LE REGOLE FISSATE DAL CODICE CIVILE E DAI PRINCIPI CONTABILI NAZIONALI

Aggiornato al 05.12.2017

Il Codice civile non stabilisce regole particolari di valutazione e di ammortamento delle concessioni: di conseguenza, ad esse, si applicano le regole generali proprie delle immobilizzazioni.

Le concessioni devono essere iscritte in bilancio in base al costo e devono essere successivamente ammortizzate in modo sistematico in relazione con la residua possibilità di utilizzazione.

Se alla data di chiusura dell’esercizio, il valore delle concessioni dovesse risultare durevolmente inferiore esse devono essere svalutate.

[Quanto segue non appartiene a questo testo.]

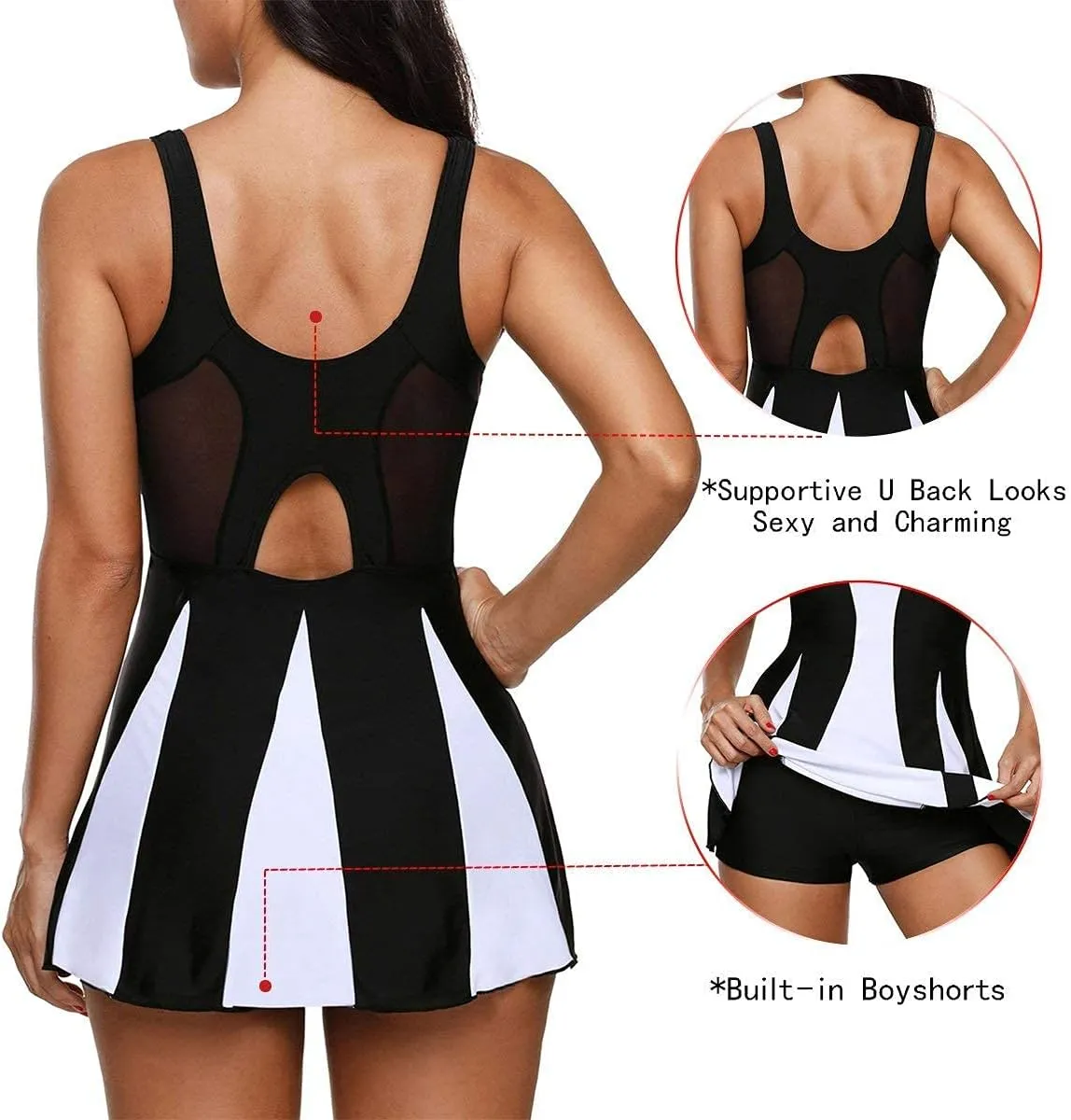American Trends Bathing Suit for Women Tummy Control Swim Dress One Piece Swimsuits Mesh Swimming Suit Skirt Swimwear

L’Oic24, ad integrazione di quanto stabilito dal Codice civile, stabilisce che, per i beni immateriali (nel quali si ricomprendono le concessioni), non è consentito l’allungamento del periodo di ammortamento oltre il limite legale o contrattuale. La vita utile può essere più breve a seconda del periodo durante il quale la società prevede di utilizzare il bene.

Normalmente non è possibile procedere al trasferimento a titolo oneroso della concessione, tuttavia nei casi in cui ciò è possibile, il costo capitalizzato deve essere ammortizzato tenendo conto della durata residua della concessione.